Ninja Busters is the story of two buddies, Bernie (kata champion Eric Lee) and Chic (martial arts instructor Sid Campbell, who wrote the screenplay), who start out as a pair of chumps in the Dumb and Dumber vein. A running gag early in the film has Bernie pretending to be Bruce Lee’s student and Chic pretending to be Bruce Lee’s teacher, but despite their bravado they get their asses handed to them several times. Eventually, they decide to enroll in a martial arts class–not to toughen up, but to meet girls. (This goes about as well as could be expected until they get serious about their training.) One of their fellow classmates, Sonny (Frank Navarro), had previously beaten them up, but the school’s sensei (Gerald Okamura) insists that the rivals earn their black belts before having a rematch.

So far, no ninjas. Other than a short scene at the beginning, the first forty-five minutes or so are down to earth, a gentle slapstick spoof of the martial artist’s journey. The ninjas enter the picture as the hired army of a local crimelord, Santos (Juan Morales); Bernie and Chic had worked at one of Santos’ warehouses and learned about the boss’ reputation as a smuggler (the goods are in special crates marked with a dragon). It’s not until Bernie and Chic spot their old boss making a drug deal and decide to follow him that they wind up targeted by Santos’ ninjas, who invade the martial arts school and follow our heroes to a nightclub and finally Santos’ warehouse for the final confrontation.

Ninja Busters is a comedy, and much of the humor is corny or silly, but it moves briskly and is continually entertaining; moreover, the spine of the story is one of rivals becoming friends and losers finding that they can become winners through hard work. It’s a formula for feel-good cinema. The cast, stacked with real martial artists, also makes up in realistic action what it sometimes lacks in polished line delivery. The ninjas are actually a little underwhelming: their stealth is exaggerated for dramatic effect (when Santos asks if he can see the ninjas, their dragon lady boss replies, “Why not? They’re looking at you”), but in action they’re easily handled by our heroes from the dojo. These are ninjas as faceless, mostly interchangeable enemies.

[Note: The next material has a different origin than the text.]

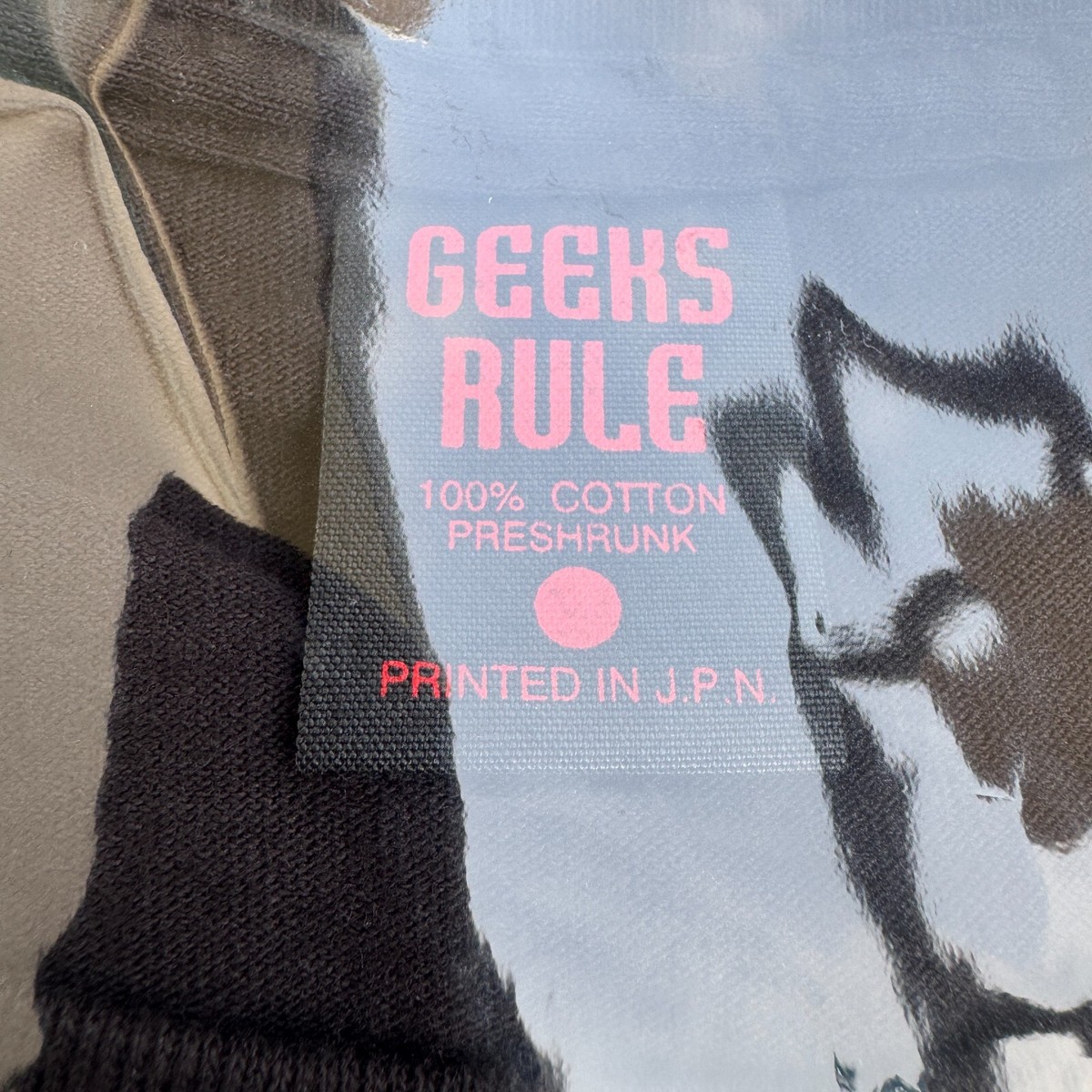 トップス CARDCAPTOR SAKURA GEEKS RULE T SHIRT Cardcaptor Sakura × Geeks Rule 15 Silkscreen Printing T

One reason Ninja Busters is so much fun to watch is its vibrantly multicultural setting: filmed in San Francisco and Oakland, it features a cast more ethnically diverse than many films made today (some of those characters are stereotypes, but, eh, it’s a comedy). In some ways it’s a comic take on the racial division that separates people (like the Black Panther-like “Liberation Army”), but at least within the dojo differences in color are set aside in favor of the immortal truths of karate. The big climax, which brings together the ninjas, the karate school, Santos’ gang, and even Sonny’s old biker gang crew, is a fun riff on gang war standards like The Warriors. Ninja Busters’ reliance on local settings and music give it a jolt of urban energy, from break dancers in the street to the band in a Latin night club. The original score by Frank Navarro, who played Sonny, is full of pulsing electro-funk bangers and John Carpenter-like synth riffs; the tracks accompanying the various montages are so good I wouldn’t mind owning the soundtrack just to listen to by itself.

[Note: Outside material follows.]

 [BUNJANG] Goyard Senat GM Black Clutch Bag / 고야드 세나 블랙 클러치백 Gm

It’s probably unavoidable that Ninja Busters will be compared to Miami Connection, another heartfelt action-comedy about friends united to kick ninja butt, and there are similarities, but Ninja Busters is mostly PG in spirit, without the spurting blood squibs and “stupid cocaine” of Miami Connection (there are references to Santos smuggling “dope,” but that’s about it, and while a few people die, it isn’t too graphic). It’s also clearly the work of professionals, even if made short on time and money. Director Paul Kyriazi, who also made Death Machines (to which it has some resemblance), notes in his commentary on the Garagehouse Blu-ray that most of Ninja Busters was filmed in one take; many of the cast are not polished actors, so some slips make it into the movie, but from a technical standpoint it’s the equivalent of a professional executing a tricky maneuver without a net. Viewers will be surprised that such a finished film (with a few flaws, sure, but hardly more than many low-budget films display) was allowed to simply disappear without a trace, but I suppose it happens more often than we would like to think.

Filmed over three years between 1981 and ’84 but never released (after completion, the film’s distributor went belly up and disappeared with all known prints–shades of Shirkers), Ninja Busters became available when Harry Guerro of Garagehouse Pictures rediscovered a complete print and had it restored a few years ago. It’s another case of what might have been: with its mixture of humor and action and its likeably goofy characters, I can imagine a movie like this having a big cult following today if it had been released back in the ’80s.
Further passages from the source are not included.